Many residents know EEDC as the company that historically distributed electricity across Enugu, Abia, Anambra, Ebonyi, and Imo States. Today, however, electricity in Enugu involves both EERC and MainPower Electricity Distribution Limited. They are not the same thing, and they do not perform the same function. EERC is the regulator responsible for licensing, market oversight, and consumer protection within Enugu State. MainPower is the distribution company responsible for supplying electricity to consumers under that regulatory framework.
The distinction matters because it represents a broader shift in how electricity governance is organised. Under the previous structure, regulatory authority flowed from NERC to EEDC and then to consumers. Under Enugu's new arrangement, EERC assumes many of the regulatory responsibilities that NERC previously exercised within the state, while MainPower operates as the licensed distributor. In practical terms, Enugu is attempting to run its own electricity market within the powers granted by the Electricity Act.
The argument for this model is straightforward. States understand their own electricity challenges better than a national regulator overseeing dozens of markets simultaneously. A state regulator can focus on local priorities, approve projects more quickly, and design policies around the specific needs of households, businesses, and investors within its territory. Supporters argue that this creates a better environment for attracting investment into generation, distribution infrastructure, and metering.
Whether that promise translates into better electricity is still an open question. Creating a regulator does not automatically increase generation, reduce outages, or replace ageing infrastructure. Consumers will ultimately judge the model by outcomes rather than institutional changes. If electricity supply improves, metering expands, and investment increases, the case for state-led electricity markets becomes stronger. If service remains largely unchanged, critics will argue that the reform merely added another layer of administration.

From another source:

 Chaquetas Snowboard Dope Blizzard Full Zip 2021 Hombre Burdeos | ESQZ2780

Enugu is not the only state moving in this direction. Lagos, Edo, Oyo, and several others have established or are developing state electricity frameworks under the Electricity Act. What makes Enugu notable is that it is among the earliest states where electricity regulation has moved beyond legislation into an operational state-level market structure.

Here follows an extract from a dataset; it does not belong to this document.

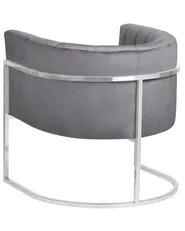 Armchair LARVIK Velvet Grey_747082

The significance of that experiment extends beyond Enugu. If the model succeeds, more states are likely to follow. If it fails, it will strengthen the argument that Nigeria's electricity problems run deeper than regulation alone. Either way, the state has become an early test case for one of the most consequential reforms in Nigeria's power sector since privatisation.



Fabian Omini
Energy Analyst
Fabian Omini is an energy analyst with a keen interest in translating complex energy and finance topics into clear, accessible narratives for everyday Africans.